ABOUT THIS TASK:
Produce an exact copy of the lines below, starting at the first and ending with the line containing "Obraz premium Close-Up".

Stored data entries
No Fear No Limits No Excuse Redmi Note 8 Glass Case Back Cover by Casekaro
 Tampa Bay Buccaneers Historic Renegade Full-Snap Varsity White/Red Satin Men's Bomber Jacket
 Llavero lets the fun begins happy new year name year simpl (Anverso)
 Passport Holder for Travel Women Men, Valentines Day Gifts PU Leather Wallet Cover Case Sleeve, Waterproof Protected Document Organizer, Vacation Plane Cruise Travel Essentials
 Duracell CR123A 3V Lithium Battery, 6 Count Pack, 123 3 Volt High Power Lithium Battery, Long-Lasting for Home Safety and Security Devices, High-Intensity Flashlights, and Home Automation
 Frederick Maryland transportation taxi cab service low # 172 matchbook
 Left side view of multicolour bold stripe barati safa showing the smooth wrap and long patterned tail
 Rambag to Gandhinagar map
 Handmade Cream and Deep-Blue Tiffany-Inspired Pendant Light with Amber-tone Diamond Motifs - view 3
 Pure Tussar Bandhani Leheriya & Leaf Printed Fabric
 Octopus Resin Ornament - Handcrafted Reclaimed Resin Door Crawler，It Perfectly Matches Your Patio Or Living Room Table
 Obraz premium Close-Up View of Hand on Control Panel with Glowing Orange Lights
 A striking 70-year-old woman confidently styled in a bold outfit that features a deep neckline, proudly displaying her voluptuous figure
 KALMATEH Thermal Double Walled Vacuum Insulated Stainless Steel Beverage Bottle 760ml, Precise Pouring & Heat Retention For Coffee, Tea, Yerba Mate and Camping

FINAL ANSWER:
No Fear No Limits No Excuse Redmi Note 8 Glass Case Back Cover by Casekaro
 Tampa Bay Buccaneers Historic Renegade Full-Snap Varsity White/Red Satin Men's Bomber Jacket
 Llavero lets the fun begins happy new year name year simpl (Anverso)
 Passport Holder for Travel Women Men, Valentines Day Gifts PU Leather Wallet Cover Case Sleeve, Waterproof Protected Document Organizer, Vacation Plane Cruise Travel Essentials
 Duracell CR123A 3V Lithium Battery, 6 Count Pack, 123 3 Volt High Power Lithium Battery, Long-Lasting for Home Safety and Security Devices, High-Intensity Flashlights, and Home Automation
 Frederick Maryland transportation taxi cab service low # 172 matchbook
 Left side view of multicolour bold stripe barati safa showing the smooth wrap and long patterned tail
 Rambag to Gandhinagar map
 Handmade Cream and Deep-Blue Tiffany-Inspired Pendant Light with Amber-tone Diamond Motifs - view 3
 Pure Tussar Bandhani Leheriya & Leaf Printed Fabric
 Octopus Resin Ornament - Handcrafted Reclaimed Resin Door Crawler，It Perfectly Matches Your Patio Or Living Room Table
 Obraz premium Close-Up View of Hand on Control Panel with Glowing Orange Lights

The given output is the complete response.